I suppose you can admire their zeal and persistence, but then again what is a zealot without his or her zeal? The desperation by which to rescue the Fed’s money printing exercise is palpable. Stocks, sure, bonds, however, aren’t making it easy. Especially inflation expectations which are crucial to Jay Powell’s fairy tale.

That whole flood.



Over the last several days, Bloomberg (obviously) has been unusually and sharply focused on the 30-year long bond. The publisher like everyone else mainstream absolutely hated the damn thing for years when it was inconveniently signaling (correctly) that globally synchronized growth was a bumper sticker slogan and never anything more than that.

Now they can’t get enough of the long end. Why?

Investors in the world’s biggest bond market are starting to see what the other side of America’s worst-ever economic downturn could mean for their portfolios… “It would signal the curve may be steepening more so for economic reasons,” said Chris Ahrens, a strategist at Stifel Nicolaus & Co. “The long end seems to be pricing that we are getting to the worst of the bottoming of the economy.”

BOND ROUT!!! baby.

There’s more (another article today, thanks M. Simmons):

The re-steepening since then reflects Fed policy expectations that are keeping short-term rates low, while the Treasury boosts long-maturity supply to finance economic-recovery measures, said Guneet Dhingra, head of U.S. interest-rate strategy at Morgan Stanley. The curve’s move also coincides with a sense that the economy may be starting to revive after months of lockdown measures, with stocks hovering near the highest in almost three months.

And it’s true, the 5s30s haven’t been this wide since May 2017. Big things, right? Huge. Massive stuff befitting the Fed’s printing press explosion.

Yeah, no.



The 30s are up (in yield) a miniscule amount (31 bps since mid-April, hardly a selloff) while the 5s continue to trend lower. In other words, the bond market still views the economy as full-on depressionary. This is hardly good news (bad steepening) and doesn’t signal anything other than atrocious conditions as far as the eye can see. Even the mainstream models see this.

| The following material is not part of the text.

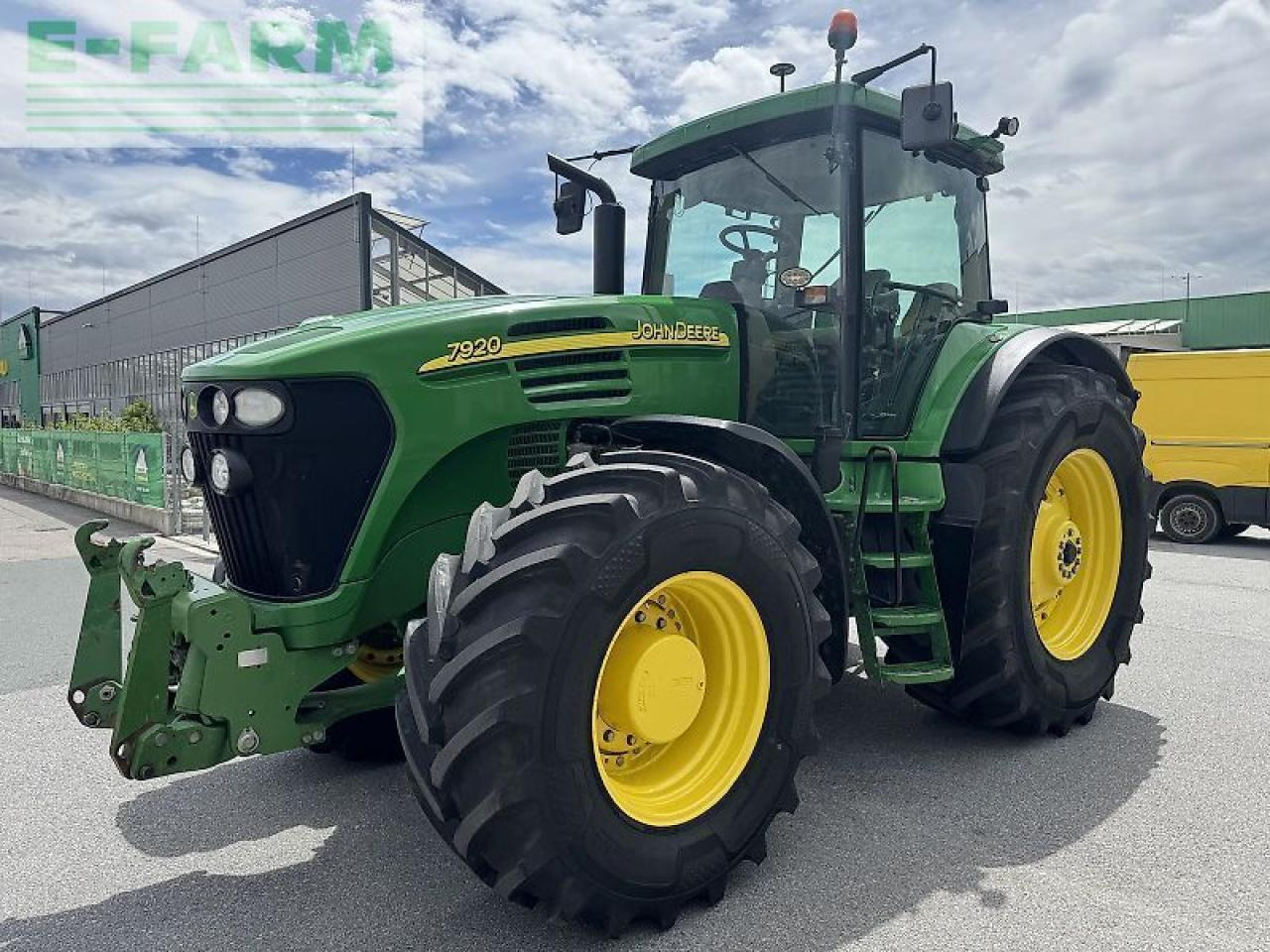 John Deere 7920 - Трактор: слика 1 John Deere 7920 - Трактор: слика 1
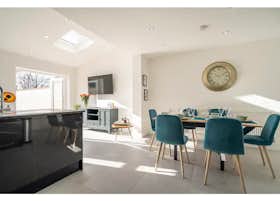 Дом сдается в аренду за 4 470 € в месяц в Nuneaton, Birmingham Road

It won’t stop the media from claiming Jay Powell’s behind everything, too. They’re all ablaze with talks of yield caps and that’s why the short-end remains so fixed. And, as usual, no one bothers to check the Japanese experience for why this is so utterly stupid (YCC, the Bank of Japan called it, and it’s never once been put in use or has it ever been needed; there’s so much more to say about this at a later date). Series of one-year forwards, that’s all these people know.

If this is all they got in the bond market to suggest the slightest hint of “money printing” and recovery…

How the mighty BOND ROUT!!! has fallen. Now if only they could figure out why.